= 1952 Dundee East by-election =

UK parliamentary by-election

The 1952 Dundee East by-election was held on 17 July 1952, due to the death in a road accident of the incumbent Labour MP, Thomas Cook. It was won by the Labour candidate George Thomson.

==Background==
Thomas Cook had been an MP for Dundee East since its creation in 1950, having previously represented the old two-member Dundee seat. On 31 May 1952 he was travelling between Arbroath and Dundee when his car left the road, struck a tree and went over a low wall in to a field, killing him instantly. Reporting Cook's death, The Glasgow Herald speculated that Labour should fairly safely hold the seat in the by-election to follow, arguing that while until October 1951 the seat might have been considered marginal, Cook's holding of it against a strong campaign suggested that the seat could now be considered a safe one for Labour. However the newspaper opined that the strength of Labour's majority would give some indication as to the extent of the "alleged unpopularity" of the Conservative Government.

==Candidates==
Labour selected 31 year old George Morgan Thomson, who was originally from nearby Monifieth and had been educated at Broughty Ferry's Grove Academy. The Dundee Unionist and Liberal National Association selected Paul Cowcher, who had contested Glasgow Maryhill at the previous year's general election. Cowcher had previously served in the Royal Navy. The Scottish National Party's unsuccessful candidate, Donald Stewart, would later be the SNP's first MP elected at a General Election when he won the Western Isles seat at the 1970 general election. An independent candidate, E. G. MacFarlane described himself as the representative of the World Parliament Party and claimed to be the first candidate in world history to offer voters the chance of supporting the creation of an international federation.

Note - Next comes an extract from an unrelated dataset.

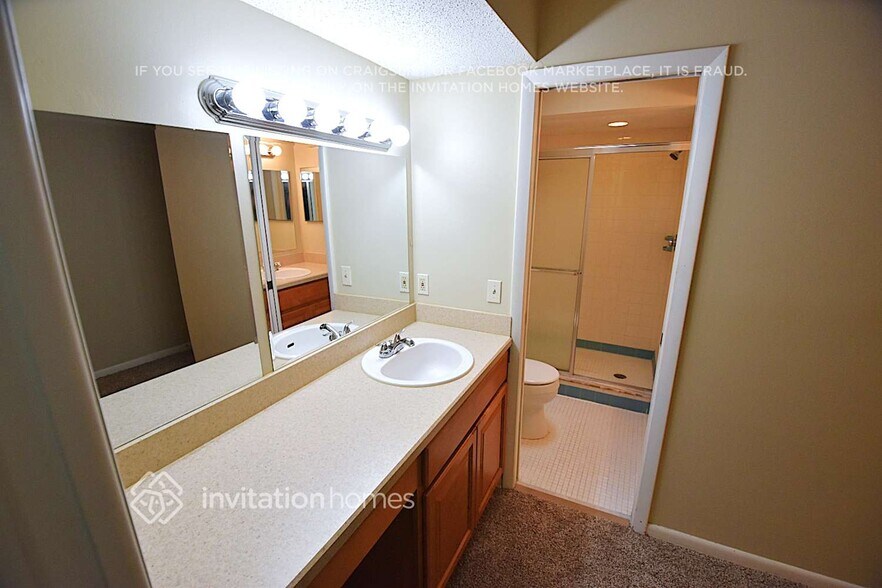Building Photo - 1030 Weathered Wood Cir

On the eve of the poll, both Thomson and the Conservative and National Liberal candidate Paul Cowcher declared themselves confident of victory. Stewart stated he had enjoyed his campaign and believed it would lead to the 'consolidation of nationalist activities' in Dundee. Thomson's final election meeting was held at Dundee's Premierland Boxing Stadium, where he wore boxing gloves and spoke from the ring.

==Result==

Dundee East by-election, 1952
| Party |  | Candidate | Votes | % | ±% |
|---|---|---|---|---|---|
|  | Labour | George Thomson | 22,161 | 56.64 | +2.80 |
|  | National Liberal | Paul Cowcher | 14,035 | 35.87 | −10.29 |
|  | SNP | Donald Stewart | 2,931 | 7.49 | New |
|  | Independent | E G MacFarlane | 290 | 0.74 | New |
| Majority |  |  | 8,126 | 20.77 | +13.09 |
| Turnout |  |  | 39,127 |  |  |
|  | Labour hold |  | Swing |  |  |

Thomson considered his victory, and the fall in the Conservative vote, represented a vote of no confidence in the Government. Crowcher blamed the fall in the Conservative vote on unemployment in the local textile industry and felt people had yet to realise that 'unpopular measures' taken by the Government were in their best interests. Stewart admitted to being 'a little disappointed' that people who had indicated they supported Scottish nationalism did not all vote for him.

Thomson would hold the seat with a reduced majority of 4,040 votes at the next general election in 1955.